Reproduce verbatim the line containing "Calecim Professional - Advanced" and every line that follows it through the end of the entries below, omitting all pictures.

^^^^^^^^^^^^^^^^

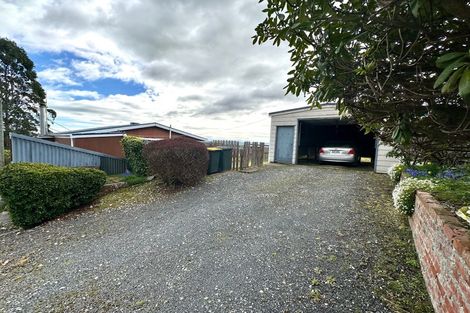 Photo of property in 19 Wyre Street, Kaitangata, 9210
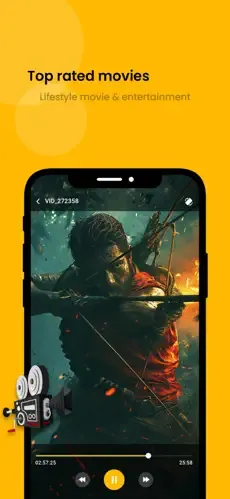 english-movies-on-hotstar Top Rated Movies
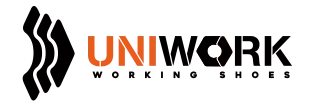 UNIWORK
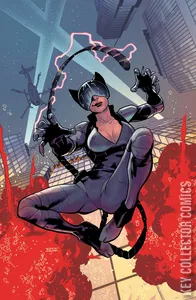 Absolute Catwoman #3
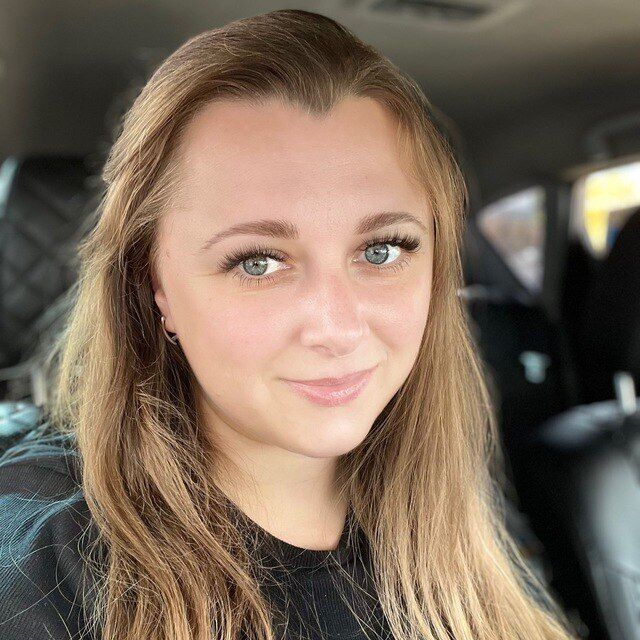 ���� 55929010 ������� ������, 23 ����, ���� ���������� � �������-��-����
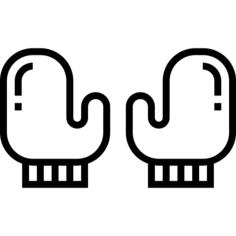 Gloves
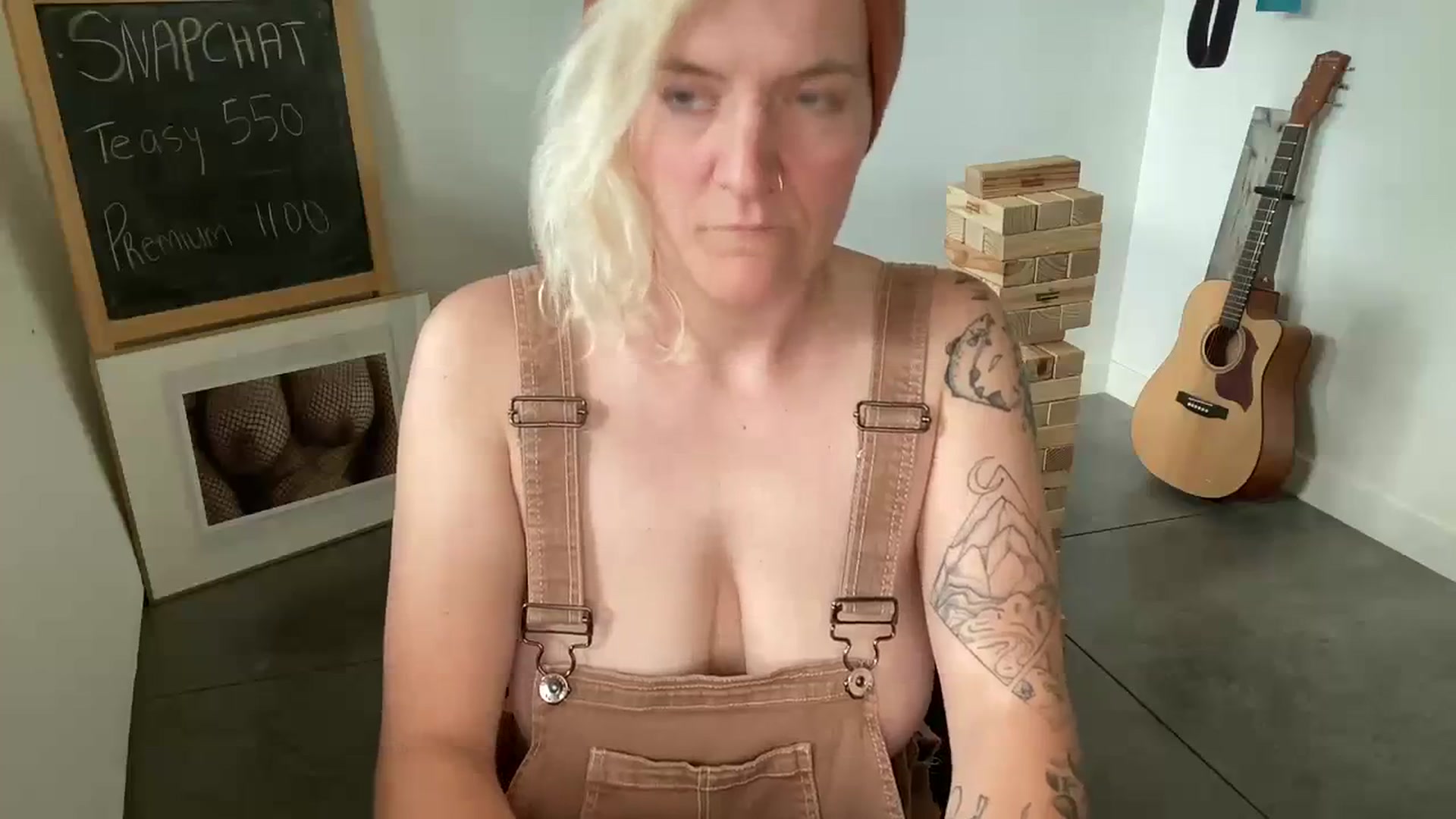 PurrtyMetal video thumbnail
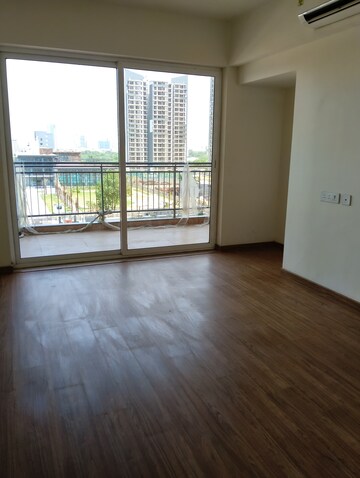 Room in 3 BHK Apartment at Godrej Meridien, Sector 106 – for Sale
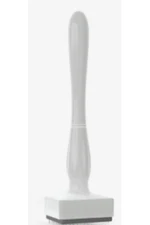 Calecim Professional - Advanced Hair System Home Activator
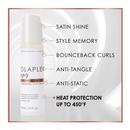 Olaplex No.9 Bond Protector Nourishing Hair Serum - Haircare Market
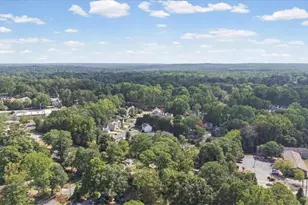 3530 Kenland Rd SE, Smyrna, GA 30082 - Photo 35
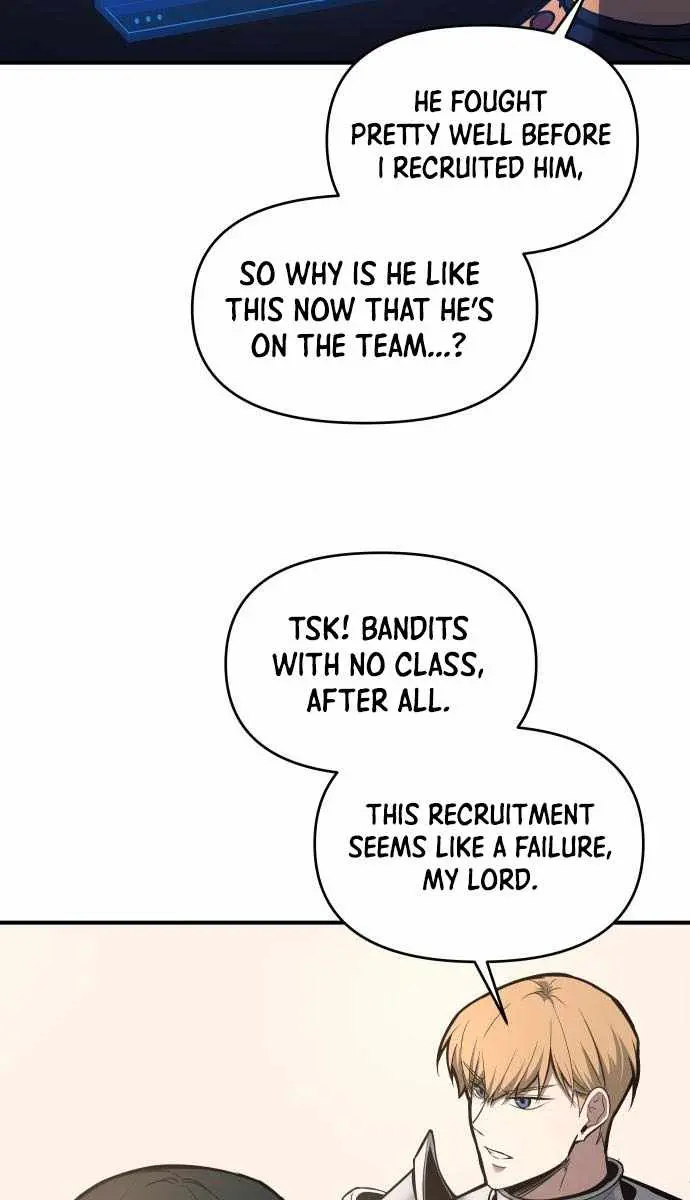 I Became the Tyrant of a Defence Game Chapter 146 Page 69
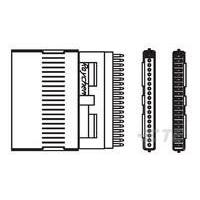 MTC50-EB2-S12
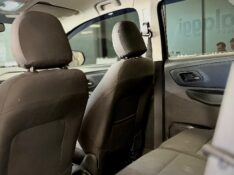 CHEVROLET SPIN 1.8 LT 8V FLEX 4P AUTOMÁTICO 2019/2020 MALAGGI VEÍCULOS ENCANTADO / Carros no Vale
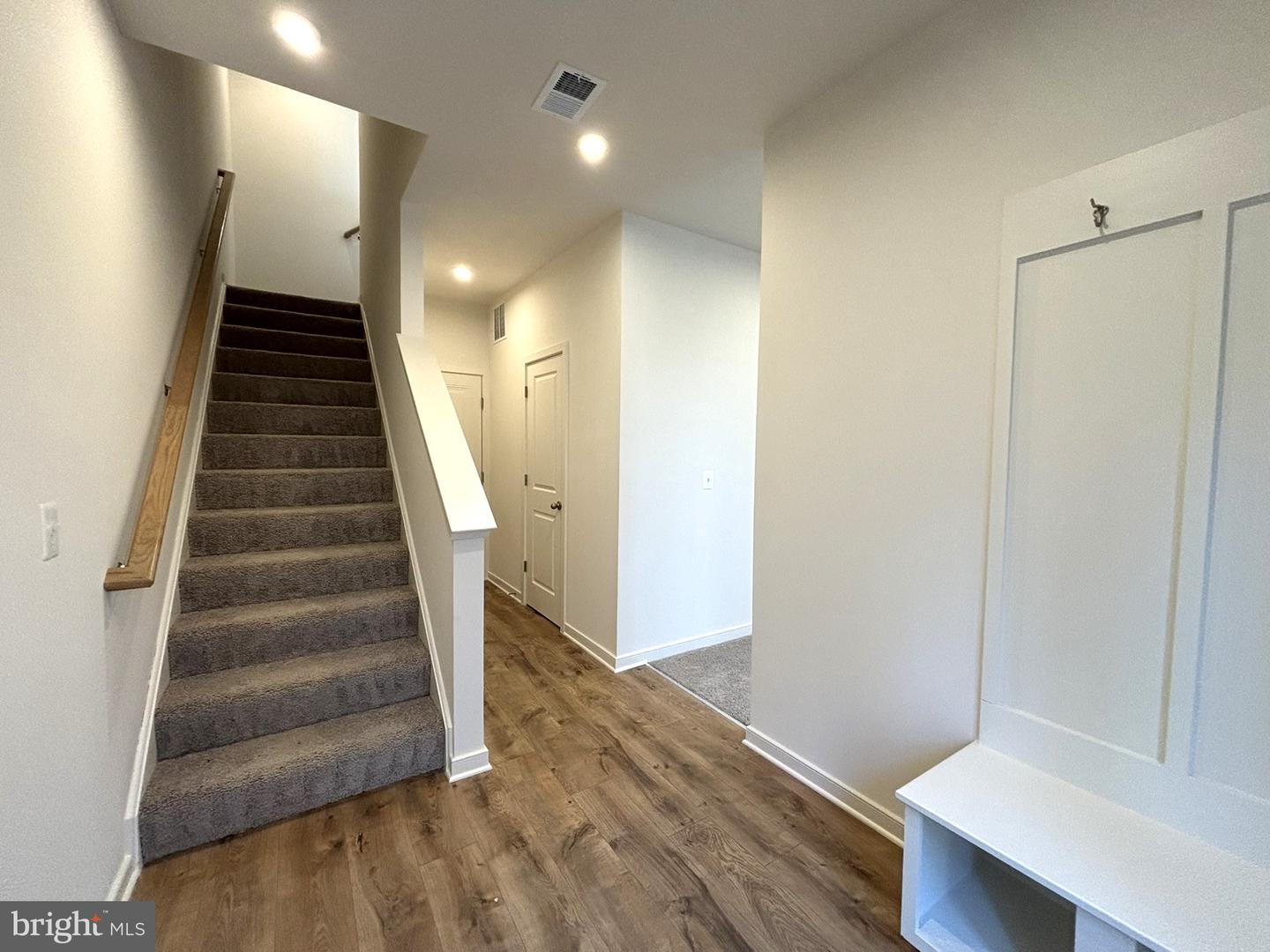 17968 ALICIA AVE, DUMFRIES, Virginia 22026, 4 Bedrooms Bedrooms, ,3 BathroomsBathrooms,Residential,For sale,17968 ALICIA AVE,VAPW2113320 MLS # VAPW2113320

^^^^^^^^^^^^^^^^

• _RESULT FOR THIS EXERCISE_:
 Calecim Professional - Advanced Hair System Home Activator
 Olaplex No.9 Bond Protector Nourishing Hair Serum - Haircare Market
 3530 Kenland Rd SE, Smyrna, GA 30082 - Photo 35
 I Became the Tyrant of a Defence Game Chapter 146 Page 69
 MTC50-EB2-S12
 CHEVROLET SPIN 1.8 LT 8V FLEX 4P AUTOMÁTICO 2019/2020 MALAGGI VEÍCULOS ENCANTADO / Carros no Vale
 17968 ALICIA AVE, DUMFRIES, Virginia 22026, 4 Bedrooms Bedrooms, ,3 BathroomsBathrooms,Residential,For sale,17968 ALICIA AVE,VAPW2113320 MLS # VAPW2113320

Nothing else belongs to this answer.